> Task objective:
Working from the entries that follow, transcribe exactly and only the lines from the one with "ラジオやCDはもちろん、Bl" through the last, pictures excluded.

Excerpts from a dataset
Segment Open
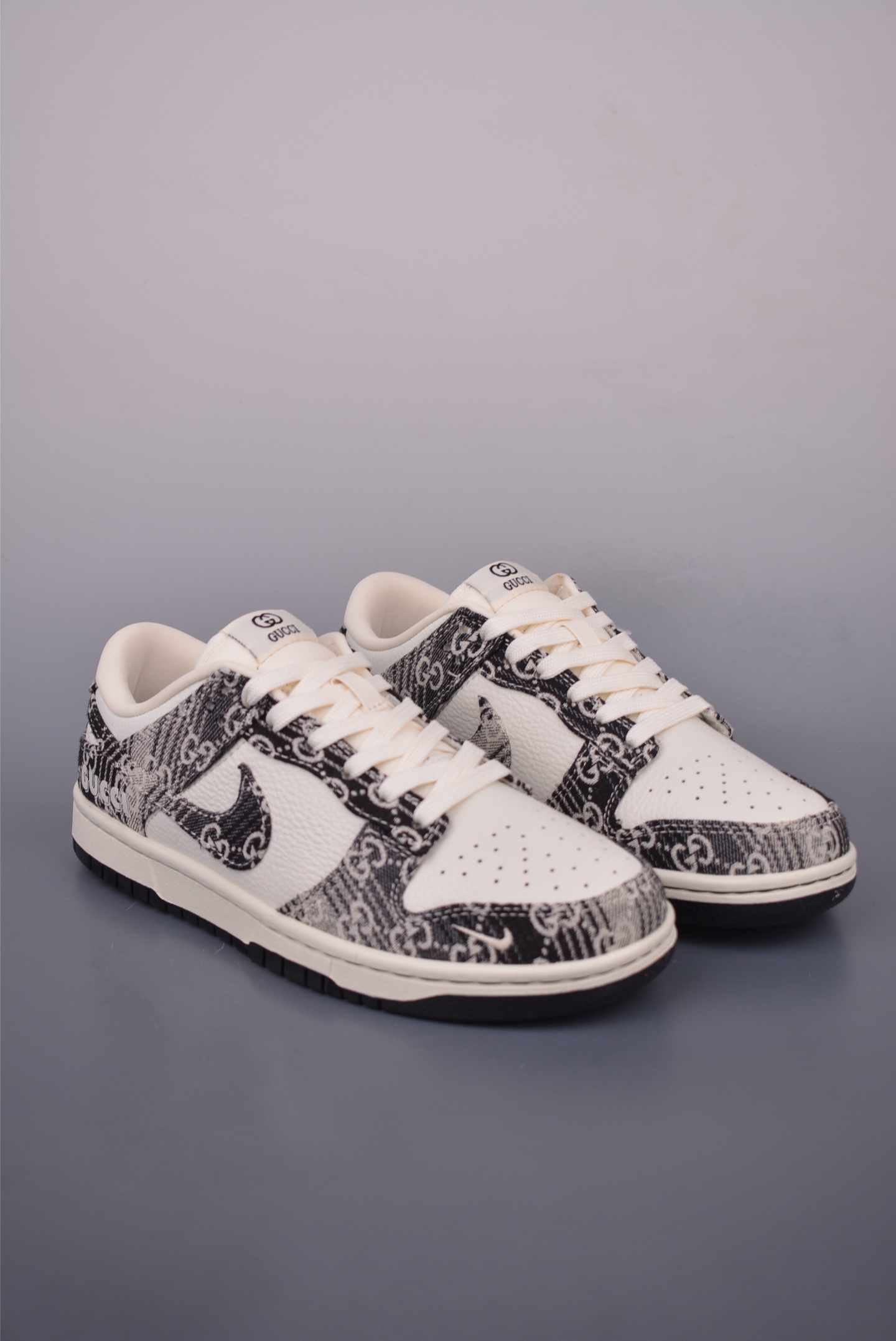 Nike SB Dunk Low Gucci Collaboration Premium Leather Sneakers - Limited Edition 2 i1750541164445 7910 0 0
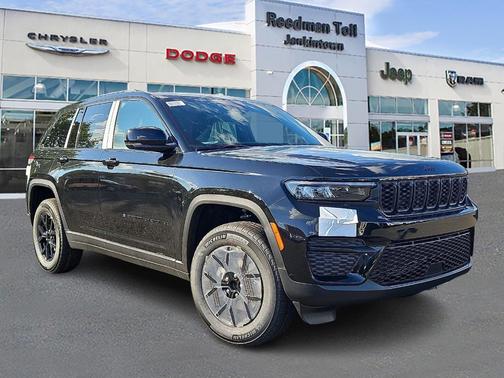 2025 Jeep Grand Cherokee Laredo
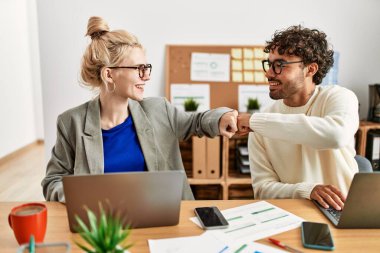 Ofiste yumruklaşan iki iş adamı..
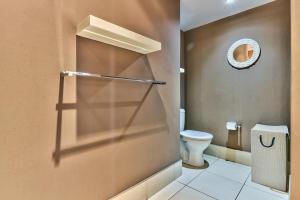 The Icon Apartment 1204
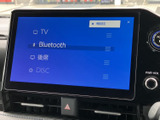 ラジオやCDはもちろん、Bluetooth接続も可能です。お気に入りの音楽を車内で楽しめます。長距離ドライブも快適に過ごせますね。
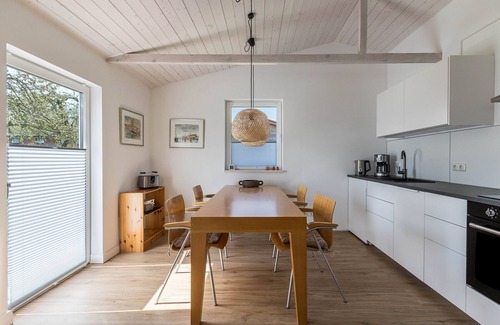 Hellert House | Holiday Home "Holtdeel" with Private Garden & Wi-Fi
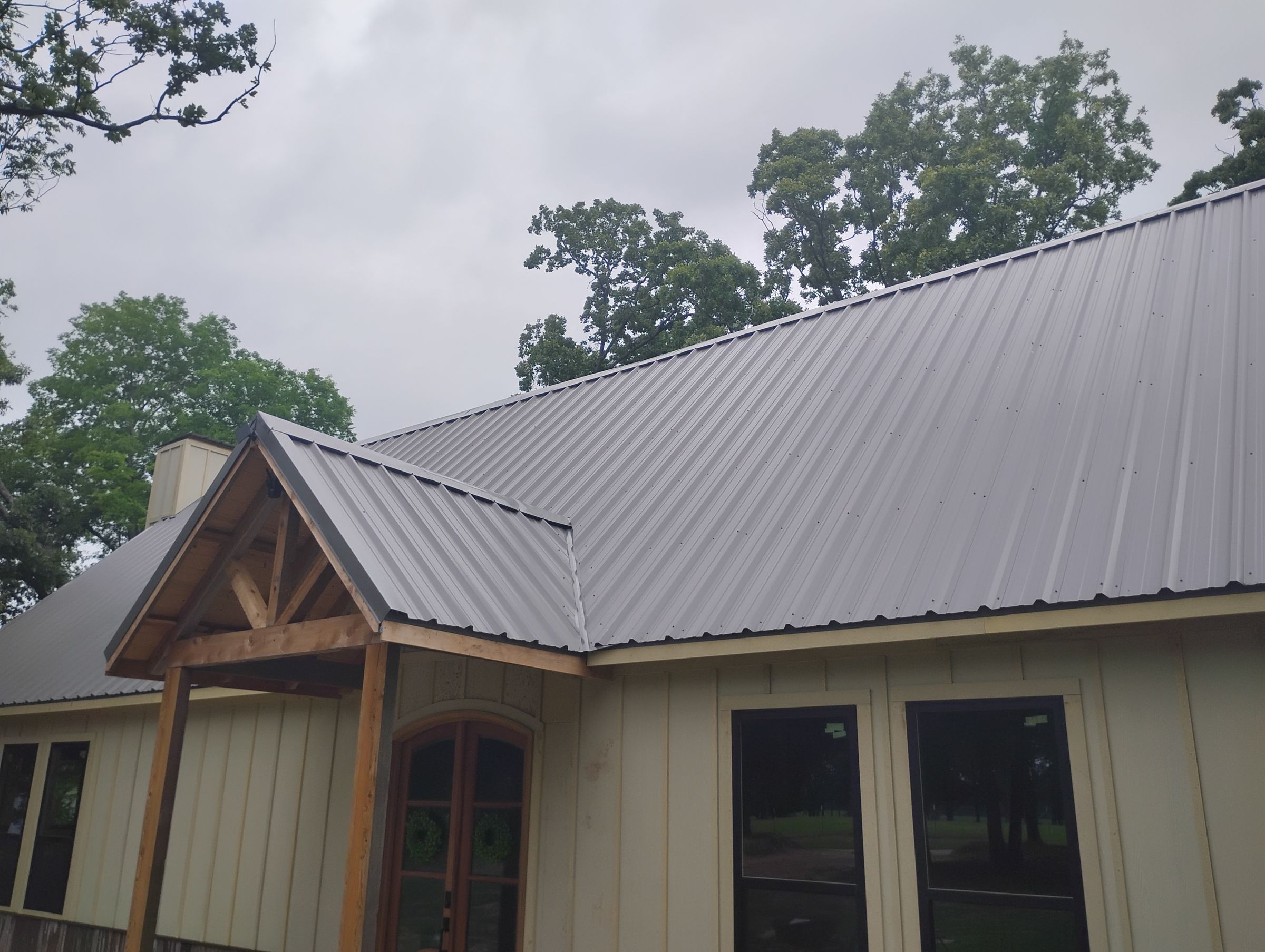 Post Roofing and Tree Services 's image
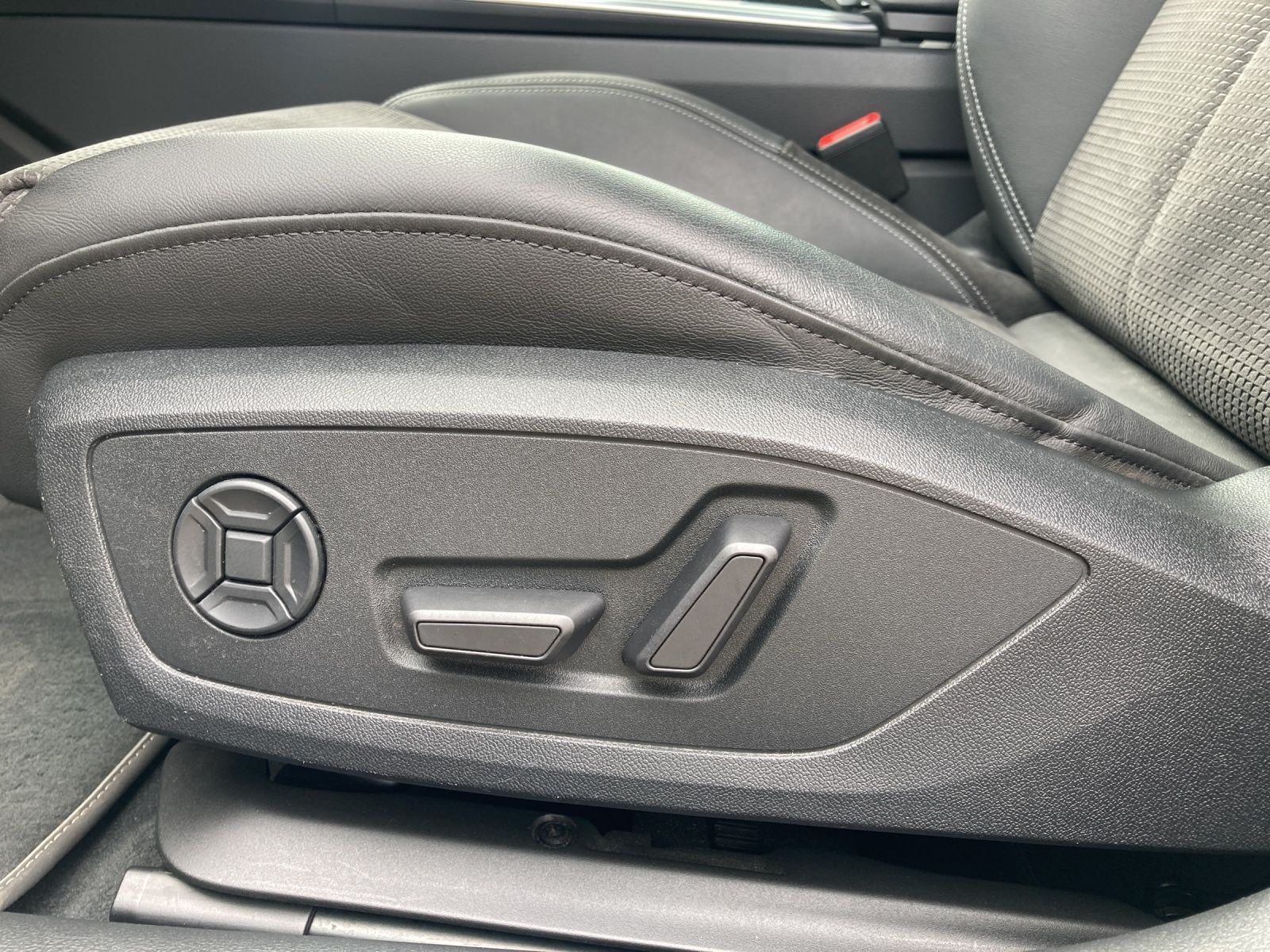 Fahrzeugabbildung Audi A7 Sportback 55 TFSI quattro s tronic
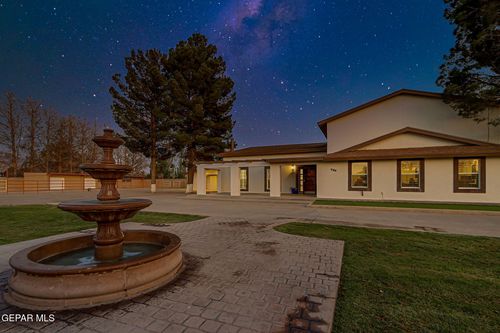 796 Fescue Dr, Canutillo, TX, 79835-6401 | Card Image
Segment Closed
> Output for this exercise:
 ラジオやCDはもちろん、Bluetooth接続も可能です。お気に入りの音楽を車内で楽しめます。長距離ドライブも快適に過ごせますね。
 Hellert House | Holiday Home "Holtdeel" with Private Garden & Wi-Fi
 Post Roofing and Tree Services 's image
 Fahrzeugabbildung Audi A7 Sportback 55 TFSI quattro s tronic
 796 Fescue Dr, Canutillo, TX, 79835-6401 | Card Image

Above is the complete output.